In today's business world, IT risk plays an important role. Every business executive understands Risk and the need to balance "risk and reward" effectively; and have a good handle on risks viz., credit risk, operation risk and market risk among others. In many instances this is even strengthened by regulatory requirements. Still most business fail to measure IT Risk appropriately, some entirely fail to incorporate Third party IT risk.
In an era, where cyber-attacks are imminent, it is increasingly important for businesses to understand their IT Risk, and specifically Third Party Risk. According to a recent report by Booz Allen Hamilton, third parties were the number-one security risk to financial services firms in 2015.
Some businesses are making an effort to review their 3rd party agreements, and include cyber security requirements and annual reviews into their contracts, but is this enough?

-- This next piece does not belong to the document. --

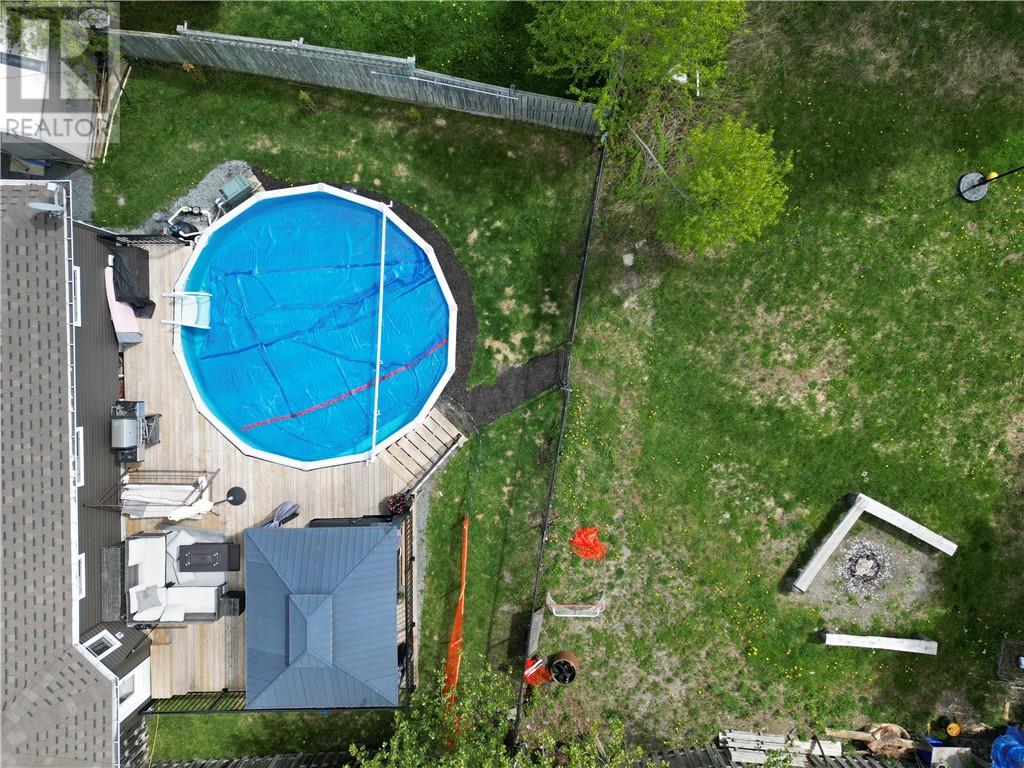 4343 Chateau Crescent - 38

Third party security risk management requires regular reassessments to ensure security, privacy and compliance is in order. Though most vendors prefer multi-year agreements, but risk assessments should be an annual practice. Maintain a quality IT risk assessment questionnaire to elicit responses from your third parties. As a best practice you should also reassess risk and security posture, whenever the contracts are updated or changed. A key point worthy of mention here is to pay attention to the tone of the responses, rather than just content alone. Your questionnaire should elicit responses and possibly discussions from the service provider and should not be a simple binary "Yes"/"No" checklist.

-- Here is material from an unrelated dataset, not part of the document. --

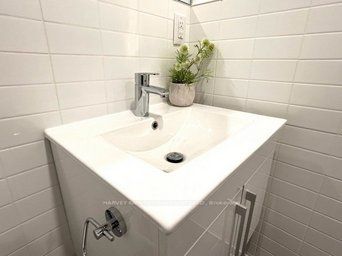 68 Fifteenth Street, #11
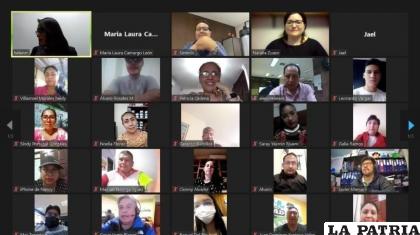 Participantes del taller denominado â€œStorytelling y Periodismo 
/La Patria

Now this could be burdensome for many organizations. In such cases, you may be able to lean on MSSPs to engage resources for this effort. Independent third party certifications like SSAE 16, SOC1 and SOC2 or ISO 27001 may be of value too. "SecurityScoreCard.com" is also a good resource. Don't forget to ask for evidence of a recent DR/BCP test, incident response test and Risk Assessment reports. Keeping track of these results and documenting them year over year, will go a long way in helping track the provider’s progress over time.

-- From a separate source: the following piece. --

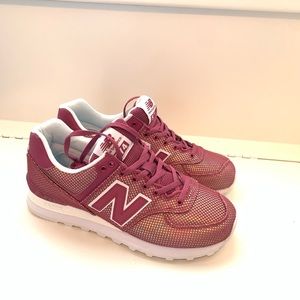 New Balance 574 Burgandy Luminescent womens size 8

Communication processes or "who notifies who, of what, when and how" is very important. Lay down clear guidelines about data ownership, breach notifications and subpoenas, and responsibilities of either party. Understand where the hand-offs occur and who are responsible. Prefer titles to names.
Businesses are constantly changing and evolving, so should the relationship with your third parties. Third party due diligence will help maintain a healthy relationship with your third parties, and with a good understanding of security risks, your business can innovate, grow and reach its business goals.